Tesfaye, WH and Castelino, RL and Wimmer, BC and Zaidi, STR, Inappropriate prescribing in chronic kidney disease: A systematic review of prevalence, associated clinical outcomes and impact of interventions, International Journal of Clinical Practice, 71, (7) Article e12960. ISSN 1368-5031 (2017) [Refereed Article]

Copyright Statement

2017 John Wiley & Sons Ltd

DOI: doi:10.1111/ijcp.12960


Introduction: Adjusting doses of renally cleared medications and/or avoidance of nephrotoxic medications are standard clinical practices in chronic kidney disease (CKD), albeit the prevalence of inappropriate prescribing (IP) in these patients remains high. Therefore, this work sought to systematically review the prevalence of IP and compare the relative effectiveness of available interventions in reducing IP in CKD.

Methods: Studies were identified searching PubMed/Medline, EMBASE, Cochrane Library, IPA, Web of Science, Ovid/Medline, CINAHL, and PsychINFO databases. Studies defining CKD based on laboratory markers and quantifying prevalence of IP were included.

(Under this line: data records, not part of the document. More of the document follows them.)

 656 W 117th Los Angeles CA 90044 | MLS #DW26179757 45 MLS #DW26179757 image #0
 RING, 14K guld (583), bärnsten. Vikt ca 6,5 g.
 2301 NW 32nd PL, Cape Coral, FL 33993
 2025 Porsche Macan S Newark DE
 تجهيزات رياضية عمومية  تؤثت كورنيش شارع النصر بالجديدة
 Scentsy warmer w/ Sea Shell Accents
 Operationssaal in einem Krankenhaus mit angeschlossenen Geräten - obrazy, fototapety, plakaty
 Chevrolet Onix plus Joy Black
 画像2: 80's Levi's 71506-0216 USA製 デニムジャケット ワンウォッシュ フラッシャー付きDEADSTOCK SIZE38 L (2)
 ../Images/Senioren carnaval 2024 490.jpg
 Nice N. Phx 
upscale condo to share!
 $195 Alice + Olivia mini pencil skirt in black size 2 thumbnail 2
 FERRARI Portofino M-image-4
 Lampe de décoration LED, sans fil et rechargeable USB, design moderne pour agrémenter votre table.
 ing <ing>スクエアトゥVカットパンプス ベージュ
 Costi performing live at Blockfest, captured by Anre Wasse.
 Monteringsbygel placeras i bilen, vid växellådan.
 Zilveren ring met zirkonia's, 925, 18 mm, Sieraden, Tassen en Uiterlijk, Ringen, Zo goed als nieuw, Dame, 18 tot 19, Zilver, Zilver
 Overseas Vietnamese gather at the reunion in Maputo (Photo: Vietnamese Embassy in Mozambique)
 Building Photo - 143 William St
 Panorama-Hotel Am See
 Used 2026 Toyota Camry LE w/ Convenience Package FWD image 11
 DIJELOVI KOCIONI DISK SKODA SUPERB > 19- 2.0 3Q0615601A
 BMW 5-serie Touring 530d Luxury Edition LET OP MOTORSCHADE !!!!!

Results: Forty-nine studies from 23 countries met the inclusion criteria. An IP prevalence of 9.4%-81.1% and 13%-80.50% was reported in hospital and ambulatory settings, respectively; whereas, in long-term care facilities the prevalence ranged between 16% and 37.9%. Unsurprisingly, IP was associated with adverse drug events like increased hospital stay (Mean [SD] of 4.5 [4.8] vs 4.3 [4.5]) and high risk of mortality [40%]. Twenty-one studies reported the impact of interventions on IP; manual and computerised alerts were the main forms of interventions (n=19). The most significant reduction in IP was observed when physicians received immediate concurrent feedback from a clinical pharmacist (P<.001). Polypharmacy, comorbidities, and age were identified as predictors of IP.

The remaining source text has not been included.